◆ PROVIDED MATERIAL
──────────
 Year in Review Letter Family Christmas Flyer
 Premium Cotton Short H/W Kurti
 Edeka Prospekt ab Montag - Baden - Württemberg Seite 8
──────────
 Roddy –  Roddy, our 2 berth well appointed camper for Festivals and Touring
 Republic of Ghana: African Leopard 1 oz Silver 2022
──────────
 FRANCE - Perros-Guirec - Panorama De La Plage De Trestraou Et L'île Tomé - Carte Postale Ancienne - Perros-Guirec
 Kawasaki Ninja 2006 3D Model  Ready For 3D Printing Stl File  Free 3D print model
──────────
Copy out only the lines of the records above from the one with "Premium Cotton Short H/W Kurti" through the one with "Edeka Prospekt ab", exactly as they stand, both included.

◆ ANSWER BOX
 Premium Cotton Short H/W Kurti
 Edeka Prospekt ab Montag - Baden - Württemberg Seite 8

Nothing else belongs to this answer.